Raw data =
# # # # #
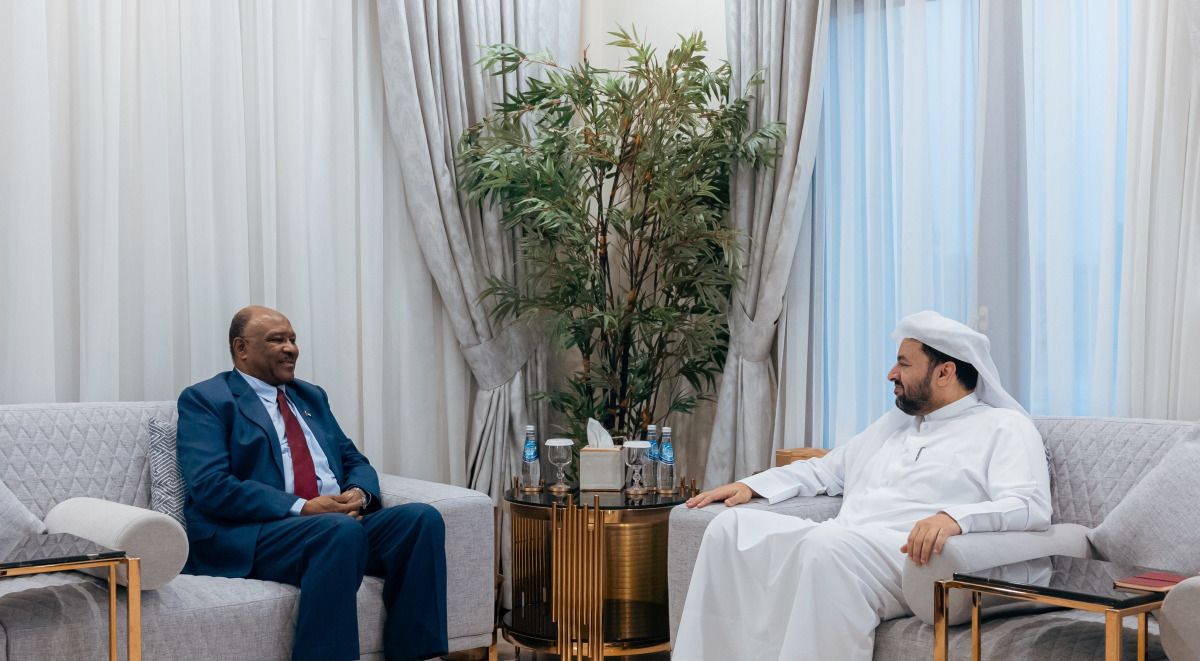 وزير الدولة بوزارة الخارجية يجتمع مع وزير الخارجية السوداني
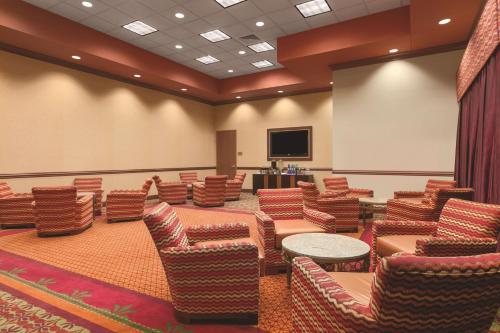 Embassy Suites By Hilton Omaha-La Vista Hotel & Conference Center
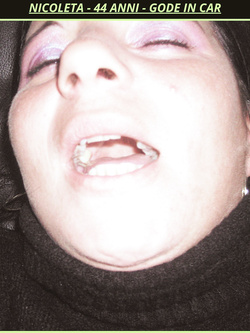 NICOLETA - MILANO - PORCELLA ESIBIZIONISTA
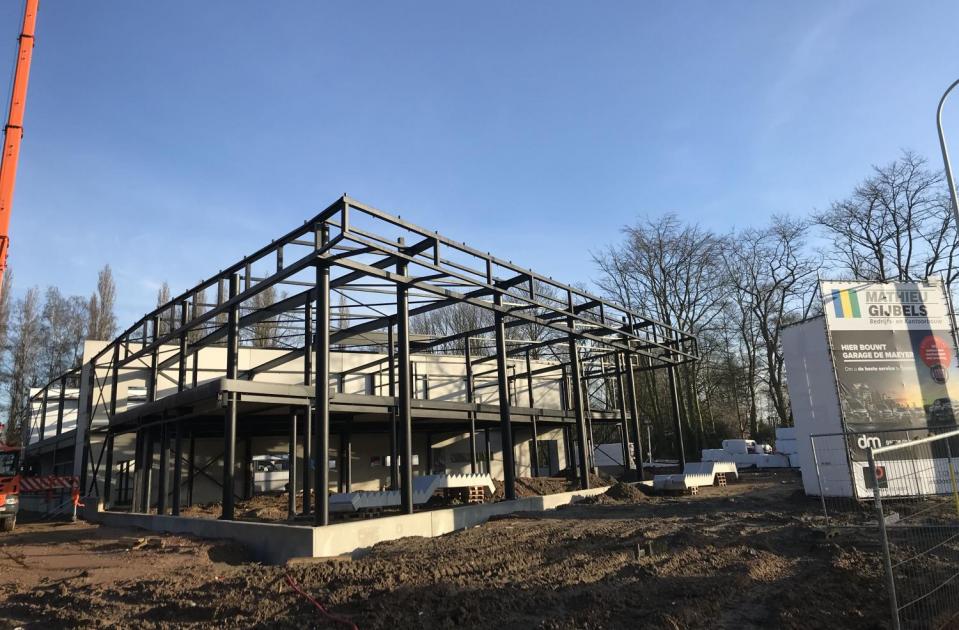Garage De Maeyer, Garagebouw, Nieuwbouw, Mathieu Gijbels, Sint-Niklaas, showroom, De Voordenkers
# # # # #
Please output each line above exactly and omit all images.

 وزير الدولة بوزارة الخارجية يجتمع مع وزير الخارجية السوداني
 Embassy Suites By Hilton Omaha-La Vista Hotel & Conference Center
 NICOLETA - MILANO - PORCELLA ESIBIZIONISTA
Garage De Maeyer, Garagebouw, Nieuwbouw, Mathieu Gijbels, Sint-Niklaas, showroom, De Voordenkers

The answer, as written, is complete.